天岩戸事件が起こった後の話です。事件の原因、お母さん(イザナミ)が死んで悲しくて大暴れした須佐之男命(すさのおのみこと)は、全財産を没収され、髭も切られ、手足の爪も抜かれ、したたかに打ち据えられて、高天原(たかまがはら)を追い出されました。

追放になった須佐之男命は食物を大気津比売神(おおけつひめのかみ)にお求めになった。そこで大気津比売神は、鼻や口や尻からおいしい物をとり出し、さまざまに調理して、さし上げたが、須佐之男命はその有様を隠れて見ていらっしゃって、汚いことをして料理をさし出すと思われて、すぐに大気津比売を殺してしまわれた。ところが、殺された大気津比売の頭から蚕(かいこ)が、二つの目から稲の種が、二つの耳から粟が、鼻からは小豆が、女陰からは麦が、尻からは豆が生まれ、その身体はすべて植物となった。そこで、神産巣日御祖命(かむむすひのみおやのみこと)は、この植物をとって種とした。(梅原猛古事記』第一章国生み *五穀の起源 より)

この部分がはじまりでした。

絵本でさくらさひめは、大気津比売神の娘。ひめは植物から種をとり、袋に入れると、鳥に乗り、海を渡り、たどり着いた場所で、人々と一緒に、開墾や灌漑をはじめます。そこへ、山がまたげるくらいに足の長い足名椎(あしなずち)という男と、手が丘の先まで届くくらい長い手名椎(てなずち)という女がやってきます。2人はそれぞれ自分の長い手足に困っていたところを、さくらさひめが仲をとりもって結婚しました。足名椎が手名椎を肩車すると、ちょうど2人で1人の大きな人のようになり、さくらさひめを手伝って大活躍します。ここの絵がとても面白かった。最後は、実りが訪れてめでたしめでたし、というストーリーだったと思います。

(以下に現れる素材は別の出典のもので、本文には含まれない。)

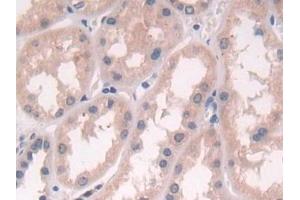 Immunohistochemistry (IHC) image for anti-Proteasome (Prosome, Macropain) 26S Subunit, Non-ATPase, 2 (PSMD2) (AA 645-872) antibody (ABIN7439738)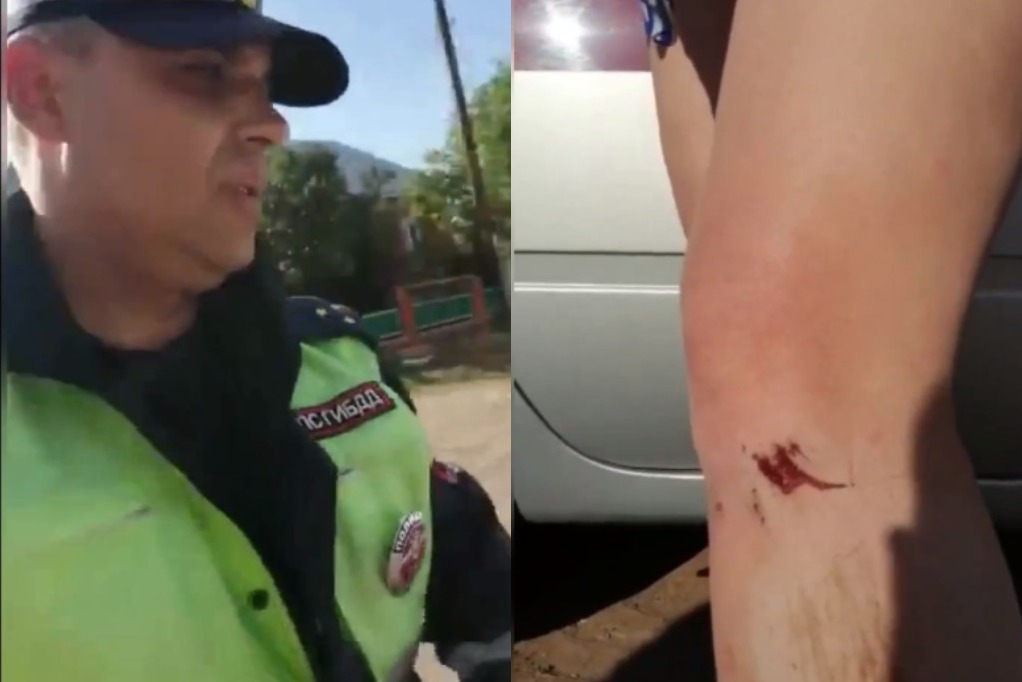 Жительница Сакмары обвиняет сотрудников ДПС в том, что они протащили ее за служебной машиной по дороге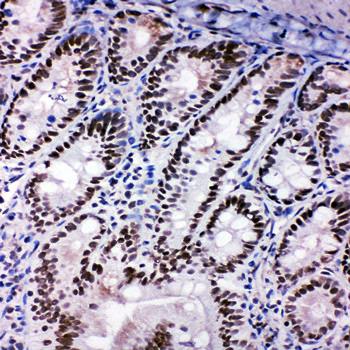 SHC/SHC1 Antibody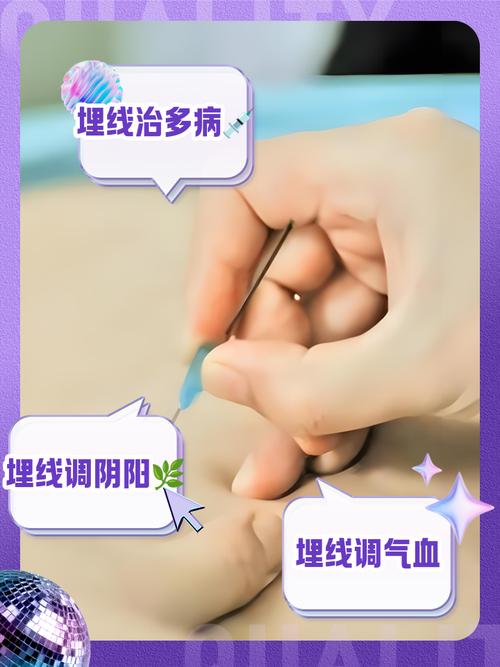 穴位埋线会不会破坏穴位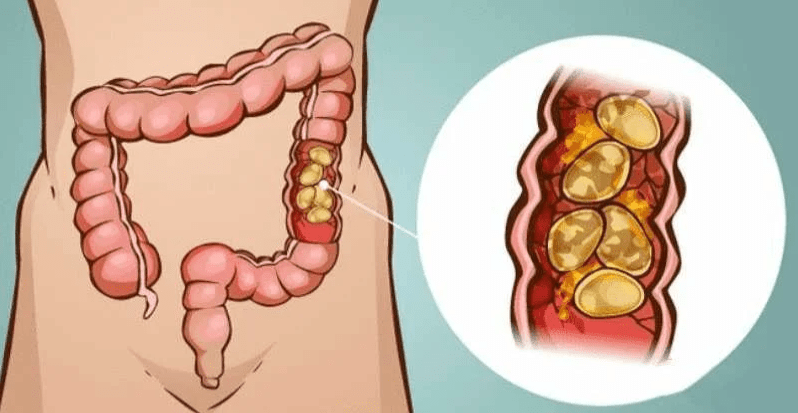 Это нарушение работы всего организма вследствие проникновения в кровоток продуктов брожения и гниения.  Иногда признаком такого состояния является только постоянная и длительная сонливость и усталость, которая не проходит после длительного сна и полноценного отдыха.
Каловая интоксикация – хроническое состояние, при котором каловые массы накапливаются в дистальных отделах кишечника. В результате этого активизируются процессы гниения и брожения, в кровь попадают токсичные продукты, нарушается функционирование нервной системы, кожи и других органов. Смертельной опасности эта ситуация для человека не представляет, но существенно ухудшается качество жизни.

При отсутствии стула более 1-2 суток в кишечнике накапливается большое количество остатков белковой пищи, которые перегнивают с образованием токсинов. Стенки кишок обладают хорошей всасывающей способностью, поэтому продукты распада попадают в кровь и негативно воздействуют на внутренние органы, в первую очередь — на центральную нервную систему.

При длительных запорах часть токсинов выводится из кровяного русла через кожу, печень и почки, что может спровоцировать дерматологические проблемы (воспаления, прыщи, шелушение), изменение цвета естественных выделений и снижение печеночной и почечной функций.
В зависимости от длительности и интенсивности проявления симптомов гастроэнтерологи и проктологи выделяют острую, подострую и хроническую интоксикацию.
На фоне длительного отравления токсинами происходят изменения водно-электролитного баланса организма, что негативно сказывается на функции сердца, ЦНС, почек, легких и печени. Насыщение крови токсинами приводит к снижению работоспособности, хронической усталости и ухудшению памяти у взрослых. 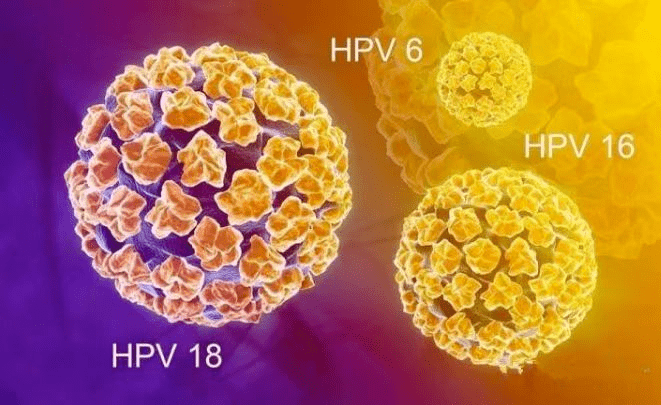 人乳頭瘤病毒(hpv)是一種能引起人類皮膚黏膜增生性病變的微生物,高危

さくらさひめは、神産巣日御祖命(かむむすひのみおやのみこと)とその子供の少名毘古那神(すくなびこなのかみ)からイメージを膨らませて創作されたものかもしれません。(少名毘古那神は、ガガイモの船でガチョウの皮を被ってやってきて大国主神と中国(なかつくに)を造る)

手名椎と足名椎の娘は、古事記では櫛名田比売(くしなだひめ)です。須佐之男命に大蛇(おろち)から助けられて妻になる。これは「五穀の起源」に続く「八岐の大蛇(やまたのおろち)」の物語です。

それにしても、みんなで汗水流して開墾や灌漑をして国造りしたところへ、天照大神が「そこは私の治める国だから」と家来を派遣するのは、ちょっと無体な気がします。

死者の書』に出てきた天若日子が、天から派遣されて、地元の娘と結婚して、その土に馴染んでしまって、上の意向を無視してしまったのも、人情としてわかります。バラバラだった神話世界が、少しずつ頭の中で繋がってきました。

国家の成り立っていく様を見ているようです。

松村圭一郎は「くらしのアナキズム」で、そうした国家から逃げて、そこに組み込まれず独自に暮らす自治組織が、世界中のあちこちにある(あった)のを紹介していました。

これは別のお話になるので、また今度。